Monday, February 22, 2010

Document Preview in DSpace, using Google Docs Viewer

    

I've made a modification that allows a DSpace repository to embed a "preview" of the document into the page, so the user never has to leave, just to get to the good stuff.

Adding a Preview link to the item's bitstream.

Then showing the document with Google Doc's Viewer. It essentially becomes a very easy way to make your content more easily accessible, as files that are MS Word or Adobe PDF don't require the visitor to have those programs installed to view them, and load instantly on the page.

How it works
The Google Docs viewer essentially works the same as the user downloading the document to their computer and having the Adobe Reader display the file for them, however, it uses Google Docs to download the document, and then render the PDF before their eyes in real-time so that they can immediately see the document on that page.

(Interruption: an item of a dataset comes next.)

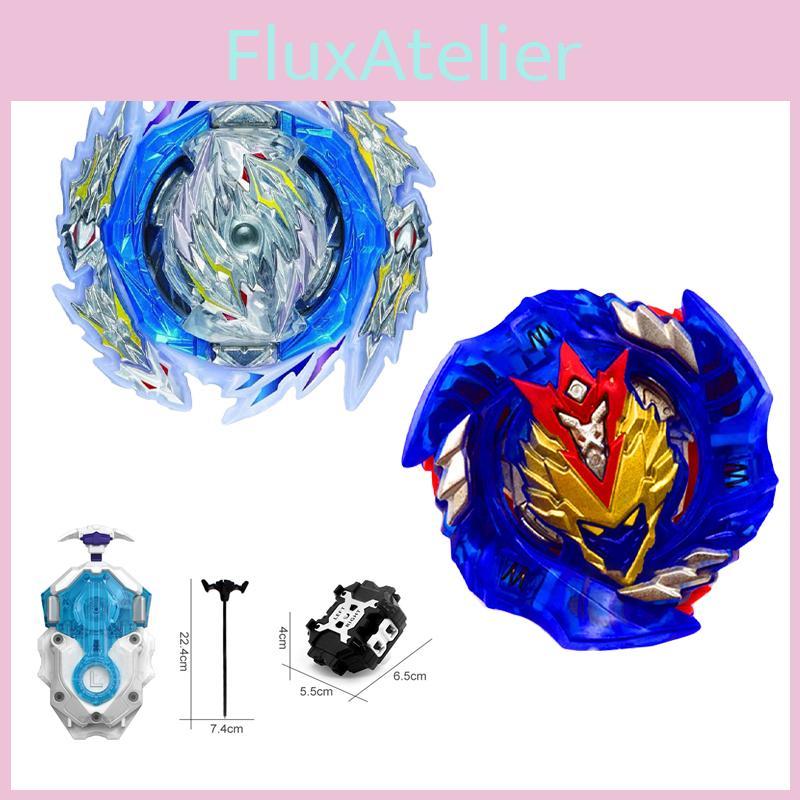 Burst Db Beyblade B189 B104 Holy Spear Of Guilt Kr Mds2 With Handle Launcher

It involves modifying ItemTag.java to add the link and a preview box, adding four javascript functions, and used some jQuery. Going forward, I'm thinking that this builds off of Stuart Lewis' idea of having a preview anything. As this is generally a response (for documents) to:
Perhaps we should make this is into a pluggable system for DSpace 1.6 where you can register classes that can render file types, and then make a configurable option to register viewers to filetypes?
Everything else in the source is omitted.